DIRECTIONS FOR THIS TASK:
Go through the records and report each line in which the word "such" occurs.

DATA SHOWN:

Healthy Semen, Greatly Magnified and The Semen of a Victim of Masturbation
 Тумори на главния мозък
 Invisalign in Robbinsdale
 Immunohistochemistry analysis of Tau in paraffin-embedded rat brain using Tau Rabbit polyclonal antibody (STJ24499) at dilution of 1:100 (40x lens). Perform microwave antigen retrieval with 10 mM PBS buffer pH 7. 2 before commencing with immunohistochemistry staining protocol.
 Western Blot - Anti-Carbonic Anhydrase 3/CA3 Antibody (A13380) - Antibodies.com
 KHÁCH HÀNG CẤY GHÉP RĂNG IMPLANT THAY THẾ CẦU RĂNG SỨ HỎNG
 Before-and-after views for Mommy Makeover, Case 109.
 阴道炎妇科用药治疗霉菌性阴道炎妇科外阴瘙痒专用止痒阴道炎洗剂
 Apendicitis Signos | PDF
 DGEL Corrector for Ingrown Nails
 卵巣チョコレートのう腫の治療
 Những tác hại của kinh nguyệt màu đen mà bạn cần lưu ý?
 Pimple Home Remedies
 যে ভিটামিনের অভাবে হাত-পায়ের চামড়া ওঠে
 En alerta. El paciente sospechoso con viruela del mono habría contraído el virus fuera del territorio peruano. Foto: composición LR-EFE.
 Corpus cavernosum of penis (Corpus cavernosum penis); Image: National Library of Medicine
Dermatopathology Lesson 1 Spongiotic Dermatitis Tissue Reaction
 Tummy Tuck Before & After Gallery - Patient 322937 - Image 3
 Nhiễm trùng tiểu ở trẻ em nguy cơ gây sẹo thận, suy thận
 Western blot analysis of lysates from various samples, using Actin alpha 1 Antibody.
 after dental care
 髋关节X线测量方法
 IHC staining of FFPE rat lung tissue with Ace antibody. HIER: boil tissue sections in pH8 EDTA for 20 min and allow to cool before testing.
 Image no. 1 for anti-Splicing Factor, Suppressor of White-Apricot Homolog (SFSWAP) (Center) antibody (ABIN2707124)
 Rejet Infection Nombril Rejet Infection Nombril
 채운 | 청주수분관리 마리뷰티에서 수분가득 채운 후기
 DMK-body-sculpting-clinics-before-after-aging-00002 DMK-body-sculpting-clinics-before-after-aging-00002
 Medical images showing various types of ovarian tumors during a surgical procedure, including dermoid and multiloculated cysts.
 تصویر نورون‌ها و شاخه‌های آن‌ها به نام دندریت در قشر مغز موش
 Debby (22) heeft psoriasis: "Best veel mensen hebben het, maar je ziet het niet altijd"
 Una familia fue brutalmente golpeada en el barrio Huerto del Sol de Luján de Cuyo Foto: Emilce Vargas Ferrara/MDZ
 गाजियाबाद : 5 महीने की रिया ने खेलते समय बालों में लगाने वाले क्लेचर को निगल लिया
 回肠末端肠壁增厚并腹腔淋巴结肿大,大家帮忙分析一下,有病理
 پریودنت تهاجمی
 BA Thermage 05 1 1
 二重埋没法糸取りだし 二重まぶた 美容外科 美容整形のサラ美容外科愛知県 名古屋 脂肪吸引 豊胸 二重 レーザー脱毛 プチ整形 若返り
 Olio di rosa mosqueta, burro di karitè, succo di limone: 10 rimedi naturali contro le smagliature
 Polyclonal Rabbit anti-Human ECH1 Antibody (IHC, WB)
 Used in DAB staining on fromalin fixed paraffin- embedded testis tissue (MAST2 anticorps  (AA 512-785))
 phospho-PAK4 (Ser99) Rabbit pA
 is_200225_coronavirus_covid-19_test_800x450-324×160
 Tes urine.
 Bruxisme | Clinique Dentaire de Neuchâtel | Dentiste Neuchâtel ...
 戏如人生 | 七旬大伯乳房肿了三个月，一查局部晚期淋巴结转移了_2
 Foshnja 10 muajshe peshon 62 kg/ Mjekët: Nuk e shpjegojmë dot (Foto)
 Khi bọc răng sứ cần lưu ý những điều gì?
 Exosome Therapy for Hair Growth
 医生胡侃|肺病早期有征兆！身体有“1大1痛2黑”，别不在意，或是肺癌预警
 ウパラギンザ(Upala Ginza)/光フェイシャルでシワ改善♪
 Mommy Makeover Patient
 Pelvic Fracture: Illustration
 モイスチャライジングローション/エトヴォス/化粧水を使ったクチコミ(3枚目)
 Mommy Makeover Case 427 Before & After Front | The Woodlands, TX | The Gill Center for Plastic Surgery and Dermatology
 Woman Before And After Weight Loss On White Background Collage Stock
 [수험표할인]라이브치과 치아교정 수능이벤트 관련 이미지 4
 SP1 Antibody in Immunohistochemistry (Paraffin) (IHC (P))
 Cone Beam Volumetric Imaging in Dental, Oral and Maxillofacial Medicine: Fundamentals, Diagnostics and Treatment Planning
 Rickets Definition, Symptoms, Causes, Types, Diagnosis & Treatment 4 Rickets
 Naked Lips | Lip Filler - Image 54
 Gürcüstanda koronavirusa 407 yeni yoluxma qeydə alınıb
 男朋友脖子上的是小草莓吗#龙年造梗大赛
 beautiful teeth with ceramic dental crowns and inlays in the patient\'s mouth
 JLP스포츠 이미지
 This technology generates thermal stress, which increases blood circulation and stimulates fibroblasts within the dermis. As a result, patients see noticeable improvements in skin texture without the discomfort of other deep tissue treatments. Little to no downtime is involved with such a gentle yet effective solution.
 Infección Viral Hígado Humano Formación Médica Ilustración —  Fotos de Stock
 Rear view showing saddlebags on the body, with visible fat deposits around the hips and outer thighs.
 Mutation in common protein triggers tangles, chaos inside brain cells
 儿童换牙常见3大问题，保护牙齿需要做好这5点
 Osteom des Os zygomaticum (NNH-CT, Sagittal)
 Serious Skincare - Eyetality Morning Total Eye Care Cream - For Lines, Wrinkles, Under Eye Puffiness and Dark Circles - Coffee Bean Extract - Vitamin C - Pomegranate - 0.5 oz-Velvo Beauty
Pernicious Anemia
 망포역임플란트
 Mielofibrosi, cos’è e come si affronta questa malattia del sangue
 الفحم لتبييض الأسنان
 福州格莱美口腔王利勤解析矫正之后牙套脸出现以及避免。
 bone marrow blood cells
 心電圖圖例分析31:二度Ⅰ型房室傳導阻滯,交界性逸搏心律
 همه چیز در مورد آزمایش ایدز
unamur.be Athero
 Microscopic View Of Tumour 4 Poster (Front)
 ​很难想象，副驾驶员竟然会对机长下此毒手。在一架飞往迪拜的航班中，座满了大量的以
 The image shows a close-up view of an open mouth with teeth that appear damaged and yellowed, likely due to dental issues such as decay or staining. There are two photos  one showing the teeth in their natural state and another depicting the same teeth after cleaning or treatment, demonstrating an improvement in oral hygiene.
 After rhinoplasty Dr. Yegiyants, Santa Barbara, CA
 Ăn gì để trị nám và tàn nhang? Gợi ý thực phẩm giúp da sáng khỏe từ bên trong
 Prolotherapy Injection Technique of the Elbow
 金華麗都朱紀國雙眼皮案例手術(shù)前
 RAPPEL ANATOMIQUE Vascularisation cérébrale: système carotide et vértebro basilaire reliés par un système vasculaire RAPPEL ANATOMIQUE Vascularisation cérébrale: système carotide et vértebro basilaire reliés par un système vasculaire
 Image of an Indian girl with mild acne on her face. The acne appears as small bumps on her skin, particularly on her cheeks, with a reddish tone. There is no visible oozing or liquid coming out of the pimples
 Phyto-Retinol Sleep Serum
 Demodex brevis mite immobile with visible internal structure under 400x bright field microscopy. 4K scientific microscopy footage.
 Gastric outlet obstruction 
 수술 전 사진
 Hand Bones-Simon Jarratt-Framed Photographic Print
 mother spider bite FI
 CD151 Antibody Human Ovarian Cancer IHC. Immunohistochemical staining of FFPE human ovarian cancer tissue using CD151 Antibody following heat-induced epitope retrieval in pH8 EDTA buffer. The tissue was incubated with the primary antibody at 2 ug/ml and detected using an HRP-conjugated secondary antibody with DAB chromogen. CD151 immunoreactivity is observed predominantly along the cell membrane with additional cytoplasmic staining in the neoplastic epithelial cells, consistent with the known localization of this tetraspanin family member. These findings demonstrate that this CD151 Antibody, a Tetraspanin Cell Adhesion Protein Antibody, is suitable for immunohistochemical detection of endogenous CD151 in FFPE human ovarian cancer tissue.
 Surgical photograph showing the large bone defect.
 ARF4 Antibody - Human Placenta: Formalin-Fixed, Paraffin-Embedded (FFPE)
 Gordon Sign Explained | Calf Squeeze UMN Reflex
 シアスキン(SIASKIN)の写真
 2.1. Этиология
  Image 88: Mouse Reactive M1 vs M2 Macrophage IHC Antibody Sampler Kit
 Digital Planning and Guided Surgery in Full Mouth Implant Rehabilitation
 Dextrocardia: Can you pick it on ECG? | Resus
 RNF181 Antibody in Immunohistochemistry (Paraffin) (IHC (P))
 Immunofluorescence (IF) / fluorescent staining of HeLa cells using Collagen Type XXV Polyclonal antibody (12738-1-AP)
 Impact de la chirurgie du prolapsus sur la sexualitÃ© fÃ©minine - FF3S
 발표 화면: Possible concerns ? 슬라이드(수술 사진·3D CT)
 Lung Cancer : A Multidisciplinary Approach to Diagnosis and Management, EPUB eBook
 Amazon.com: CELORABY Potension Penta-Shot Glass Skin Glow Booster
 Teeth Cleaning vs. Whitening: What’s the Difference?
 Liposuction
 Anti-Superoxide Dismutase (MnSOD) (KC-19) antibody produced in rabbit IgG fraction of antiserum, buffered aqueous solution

ANSWER BOX:
 This technology generates thermal stress, which increases blood circulation and stimulates fibroblasts within the dermis. As a result, patients see noticeable improvements in skin texture without the discomfort of other deep tissue treatments. Little to no downtime is involved with such a gentle yet effective solution.
 The image shows a close-up view of an open mouth with teeth that appear damaged and yellowed, likely due to dental issues such as decay or staining. There are two photos  one showing the teeth in their natural state and another depicting the same teeth after cleaning or treatment, demonstrating an improvement in oral hygiene.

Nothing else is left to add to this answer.